Richtige Ambitionen
Zwei deutsche Ministerinnen legen nun Papiere vor, in denen die feministische Politik ihrer Häuser beschrieben wird. Es geht um die Bereiche Auswärtige Beziehungen und Entwicklungszusammenarbeit. Auf vielen Dutzend Seiten finden sich Vorhaben, Bekenntnisse und Ansprüche. Und schon hakt es. Denn die Welt schert sich nur bedingt um die emanzipatorischen Bemühungen, die in hiesigen Ministerinnenbüros niedergeschrieben wurden. In dieser Welt werden Frauen unterdrückt, ausgebeutet, erniedrigt, vergewaltigt und ermordet.
Das Patriarchat dominiert und gegen die Ambitionen ließe sich einwenden, dass wir nicht einmal hierzulande die Ungleichbehandlung bei der Bezahlung von Frau und Mann oder wenigstens Zwangsverheiratungen oder häusliche Gewalt verhindern. Angesichts dessen könnten die Erwartungen an feministische Außen- und Entwicklungspolitik leicht als Größenwahn gewertet werden.

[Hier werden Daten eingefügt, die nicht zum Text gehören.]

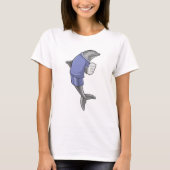 Dolphin als Sekretär mit Papierstapel T-Shirt (Vorderseite)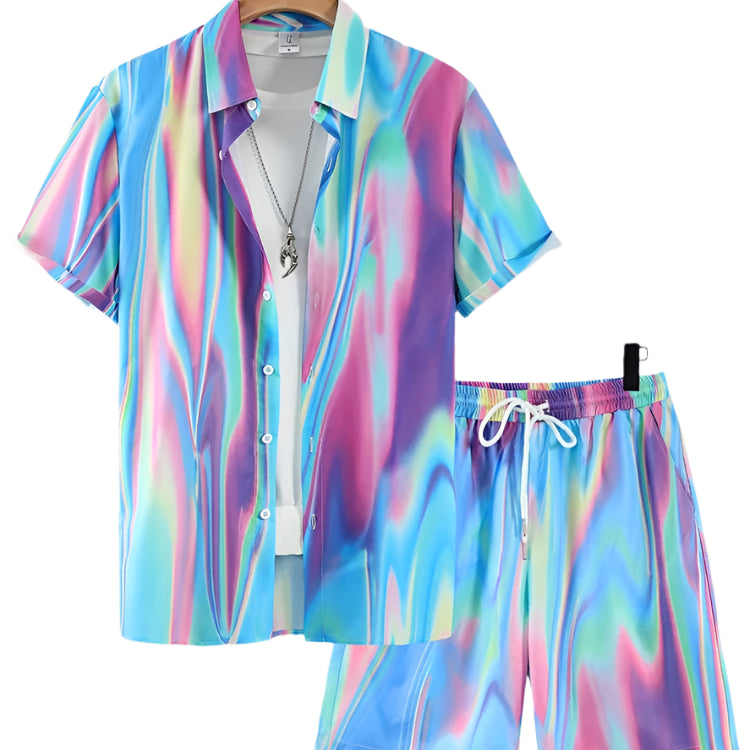 Men's Creative Strip Print Shorts Set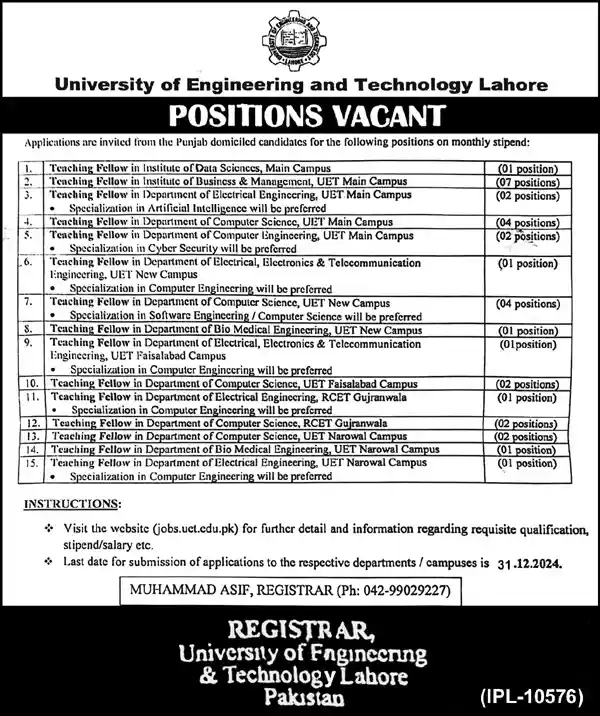 UET Lahore Teaching Fellow Jobs 2024 Advertisement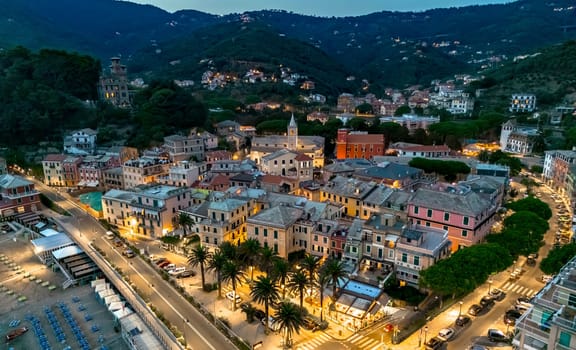Aerial view of Moneglia, a tourist resort on the Riviera di Levante, Liguria, Italy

Aber das wäre kurzschlüssig. Denn was bedeutet diese Politik, die Frauen und Minderheiten in den Blick nimmt, in der Praxis? Sie bedeutet zum Beispiel die Durchsetzung eines Lieferkettengesetzes, das die Ausbeutung von Frauen in Textilfabriken in Bangladesch, Kambodscha oder Indien zumindest verringert. Die Frauen in der Ukraine werden vor den Vergewaltigern aus der Armee des von seiner eigenen Männlichkeit besessenen russischen Präsidenten Putin am besten geschützt, wenn sich die Ukraine verteidigen kann. Im Kongo dagegen rettet man die Frauen, indem die vielen marodierenden Mörderbanden, die sich Rebellen nennen, entwaffnet werden. Frauen brauchen überall in der Welt Zugang zu Eigentum, nicht zuletzt zu Land, zu Technologien, zu Positionen, von denen aus wichtige
Entscheidungen gefällt werden. Es ist richtig, Entwicklungsgeld und außenpolitische Zusammenarbeit daran zu knüpfen – oder an das gleiche Recht auf Nahrungsmittel, auf Wasser, auf Wohnraum, auf sanitäre Anlagen.

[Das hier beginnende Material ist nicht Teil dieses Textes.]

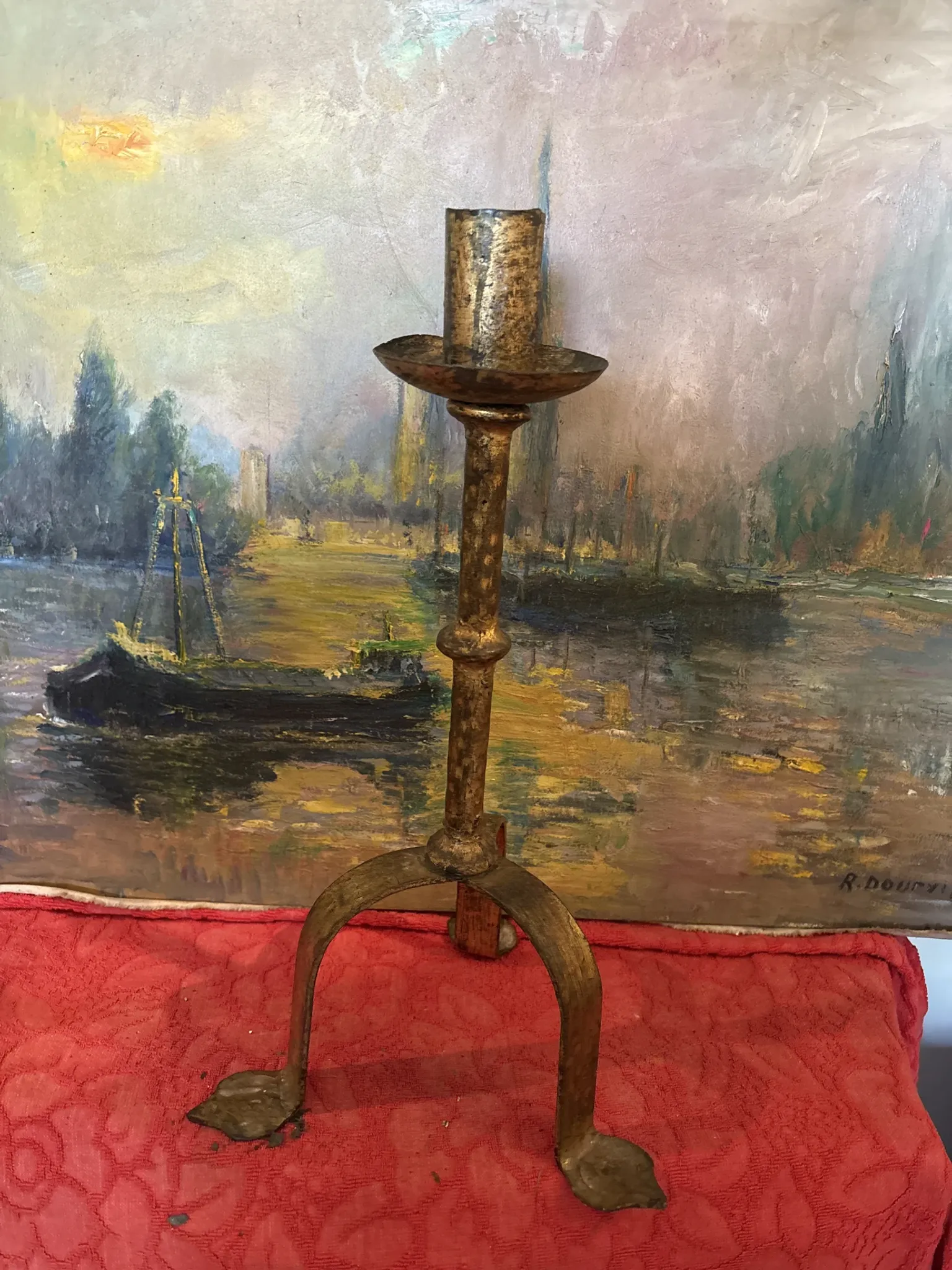 Golden wrought iron candlestick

Vieles, was die Häuser der Ministerinnen Annalena Baerbock (Grüne) und Svenja Schulze (SPD) aufgeschrieben haben, ist nicht neu. Entwicklungsorganisationen stützen sich schon lange auf die Zusammenarbeit mit Frauen. Die institutionalisierte Diskriminierung, nicht zuletzt in Ländern, in denen die Scharia die Gesetze bestimmt, wird von der deutschen Politik seit Jahr und Tag angeprangert.
Dass Anspruch und Wirklichkeit immer wieder miteinander kollidieren, ist nicht zu verhindern.
Und auch die Grenzen, die deutscher Politik im Ausland gesetzt werden, gibt es nicht erst seit heute. Taliban, Is-schergen, iranische Mullahs, christliche Fundamentalisten in Lateinamerika, Diktatoren in Afrika, aber auch Wirtschaftspartner wie saudi-arabische Prinzen oder Nato-verbündete wie die Erdogan-türkei scheren sich einen Dreck um das gleiche Recht aller Menschen auf Teilhabe und sexuelle Selbstbestimmung.
Doch gerade deshalb ist es wichtig, dem eine feministische Politik entgegenzusetzen. Dass dabei Anspruch und Wirklichkeit immer wieder miteinander kollidieren, ist nicht zu verhindern. Feminismus ist nicht kampflos zu haben. Und es ist ein Kampf, der nicht nur von Frauen geführt werden darf.